I've often given the advice to set up something like this for birthing livebearers, but never explained it very well.


----------



## TU55LER

Basically its just that tupper wear is cheaper. You could just get a few tanks and the only differences would be price and the clarity of the container.


----------



## Cory1990

That's a pretty good idea, is it all just sponge filters? And what about heaters?


----------



## TU55LER

Cory1990 said:


> That's a pretty good idea, is it all just sponge filters? And what about heaters?

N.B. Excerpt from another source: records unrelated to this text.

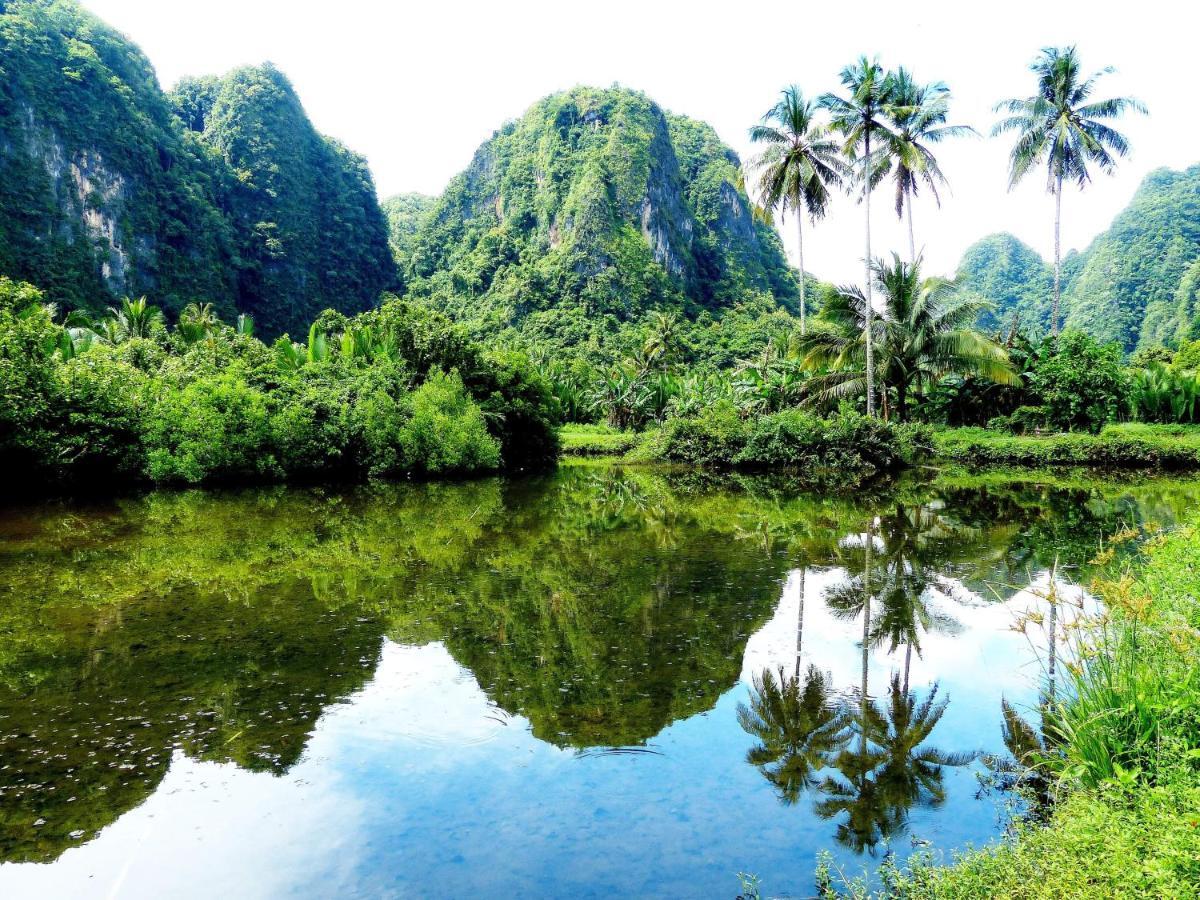 Rammang Rammang Eco Lodge Baloci Ngoại thất bức ảnh
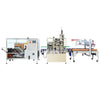 ZONESUN ZS-KFXL3 Automatic Case Packing and Sealing Machine Carton Box Packing Line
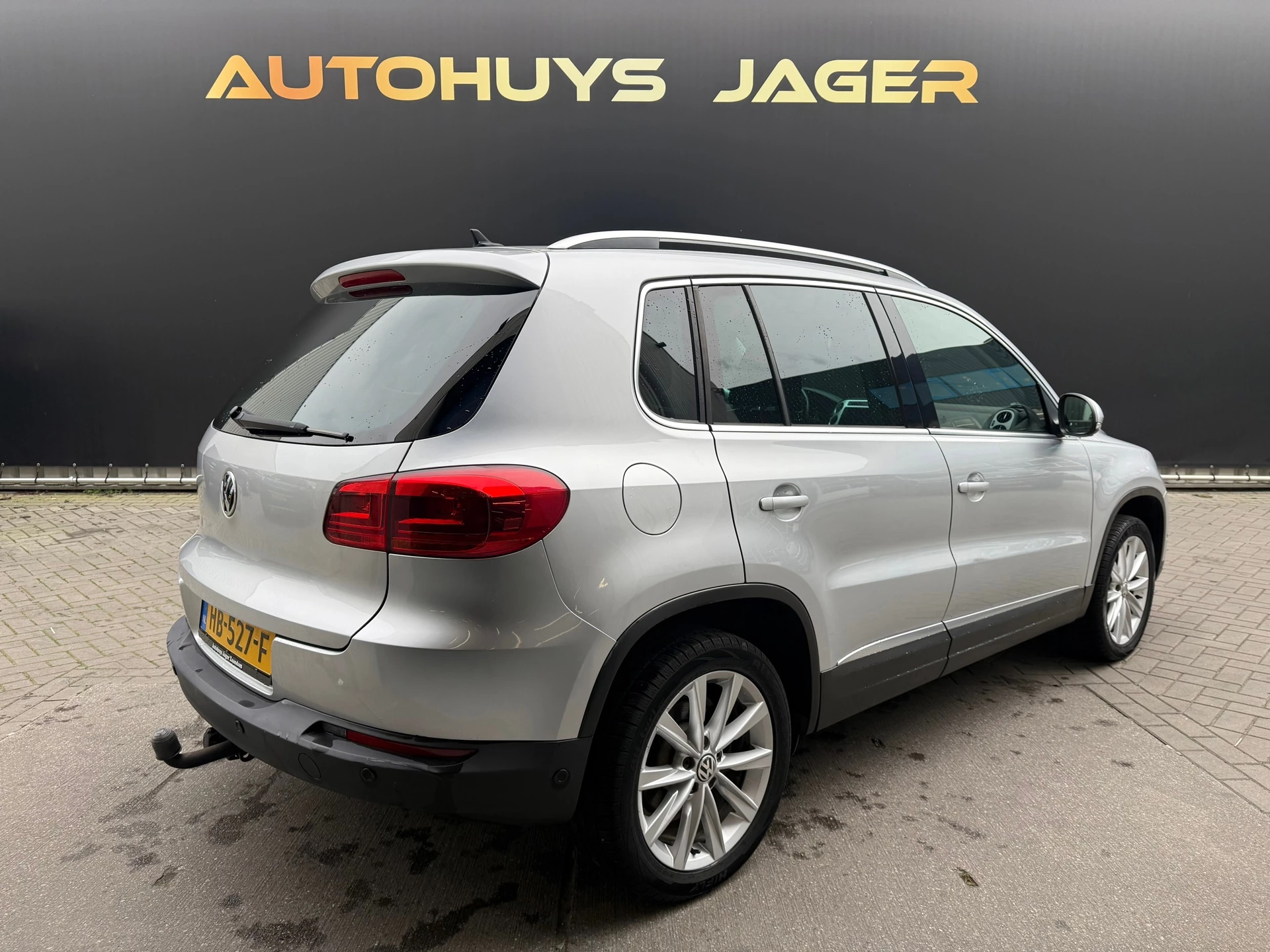 Hoofdafbeelding Volkswagen Tiguan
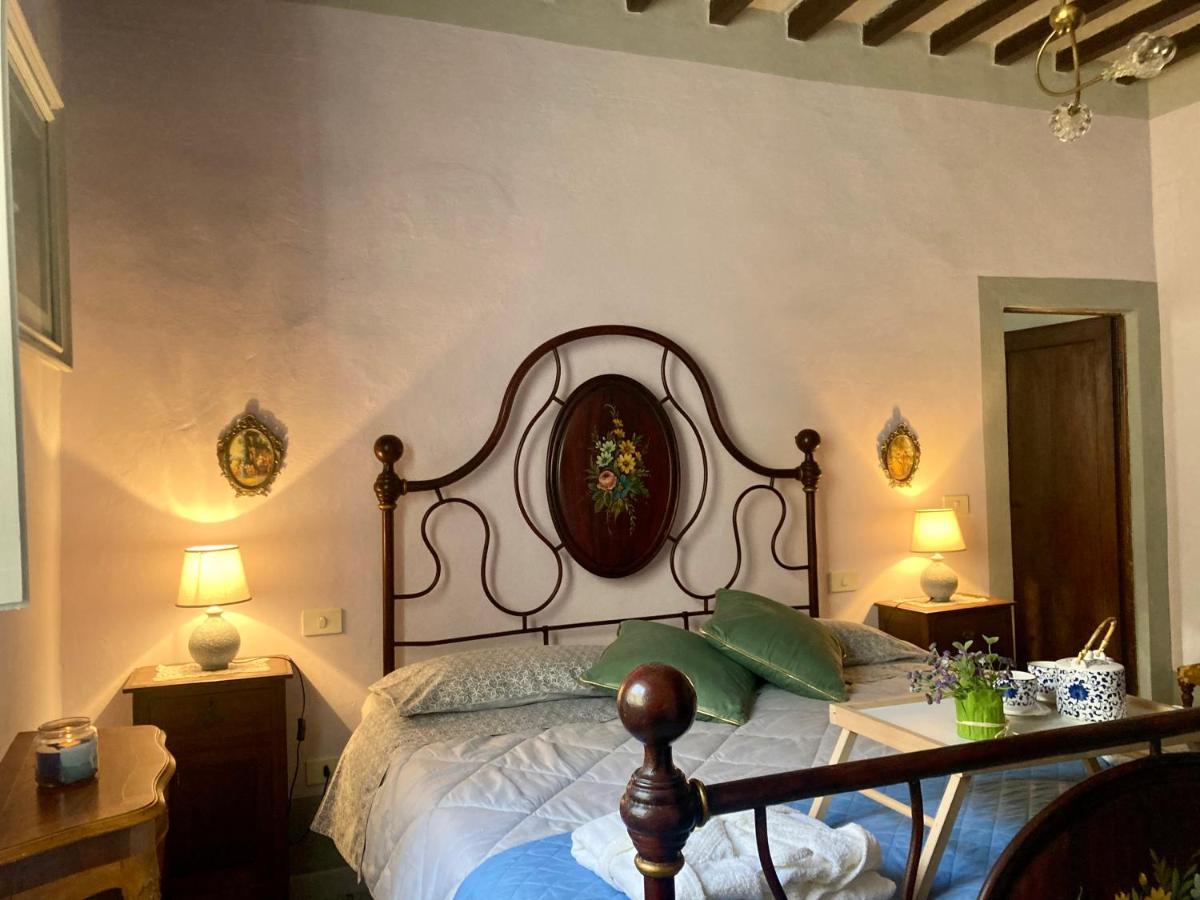 Casa Vacanze Beppina Cortona Esterno foto
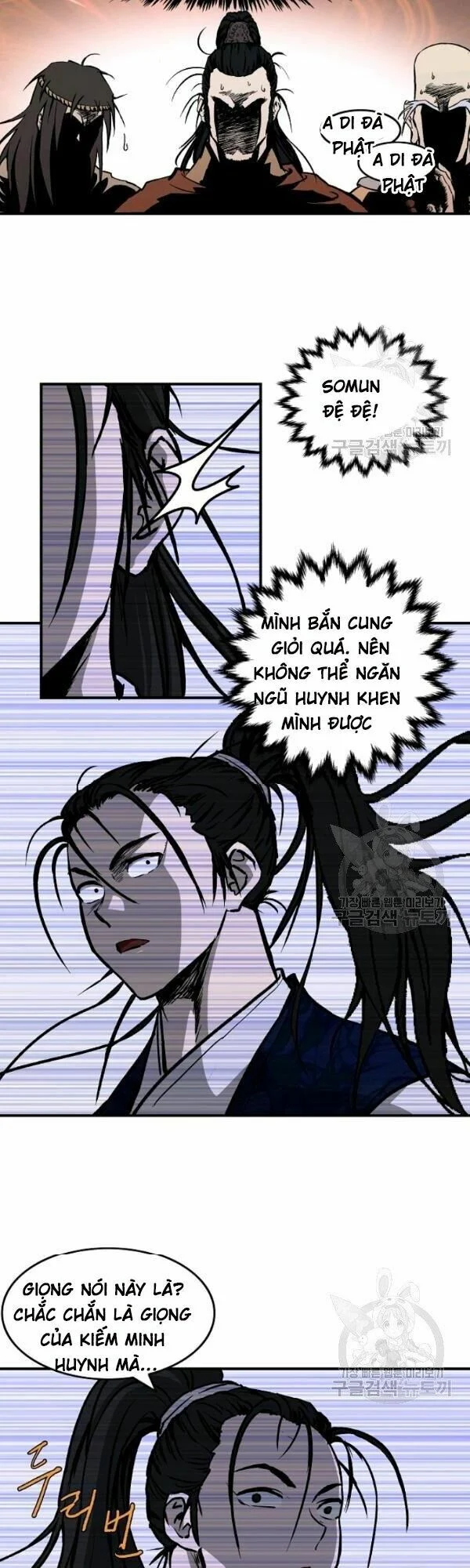 cung quỷ kiếm thần Chapter 43 - Next chap 44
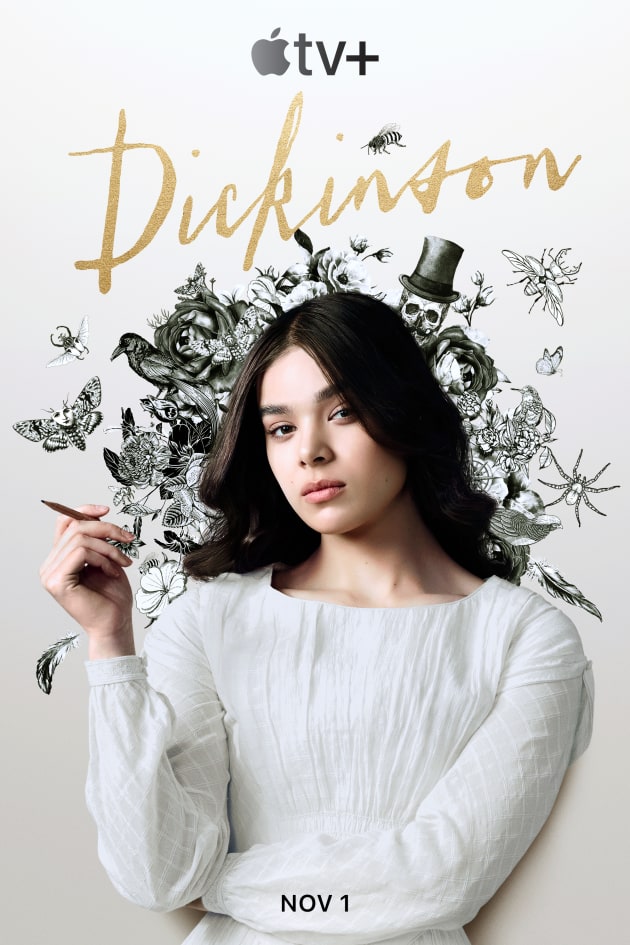 Dickinson - Season 2 (2021)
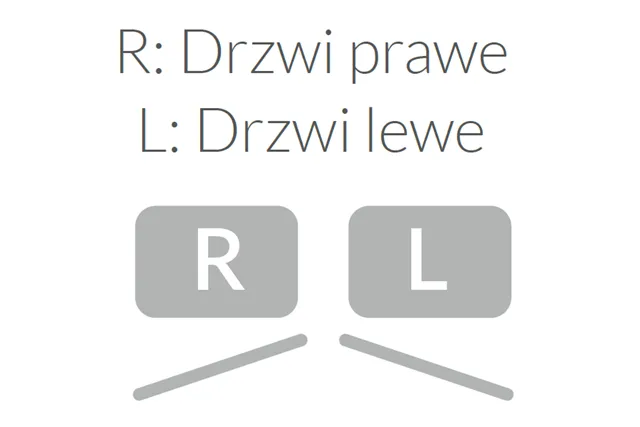 Szafa galwanizowana chłodnicza z drzwiami szklanymi 700l GN 2/1 Asber ECP-G-701 GD HC R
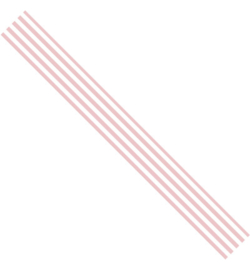 Ribbon Stripes Roze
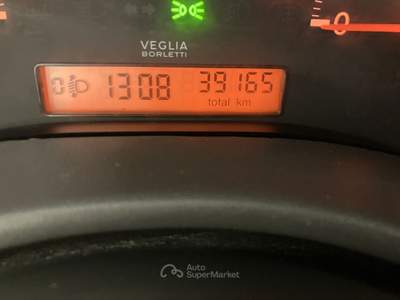 Fiat Punto 1.9 JTD van N1 4 posti prezzo+iva OCCASIONE Argento usata Fornovo di Taro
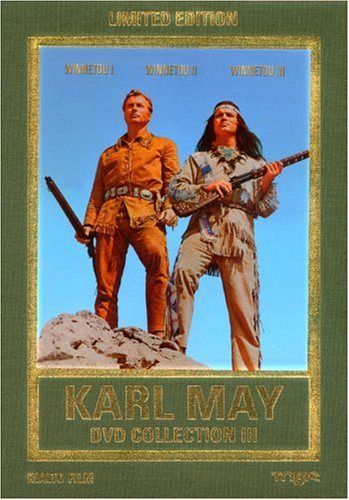 Karl May DVD Collection III [DVD]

If I had that I wouldn't care about heaters seeing as someone would probably dedicate a whole room to that just set the A.C. to like 76 and your good. Pretty much your home comes with a heater and a chiller!


----------



## Cory1990

That's true but my one tank without a heater gets pretty cold, I think the low 70s is what it's always at.


----------



## TU55LER

That is true. I don't deal much with big tanks or big systems of small tanks.


----------



## Cory1990

I'm going to be building a wall of tens soon, I build stands and sell them so as soon as I'm done with this guys order I will be building mine. I plan to put 2 55g tanks on top of each other then put 4 10gallon tanks on top of that. So many ideas I got one plan drawn out for it. But since it's in my house it needs to look nice.


----------



## TheOldSalt

If you need heaters, then get heaters.


----------



## Cory1990

Yea I got a good deal on 4 used heaters I paid $5 each from a small time fish store in milwaukee that sells used aquariums and stuff to go with them.


----------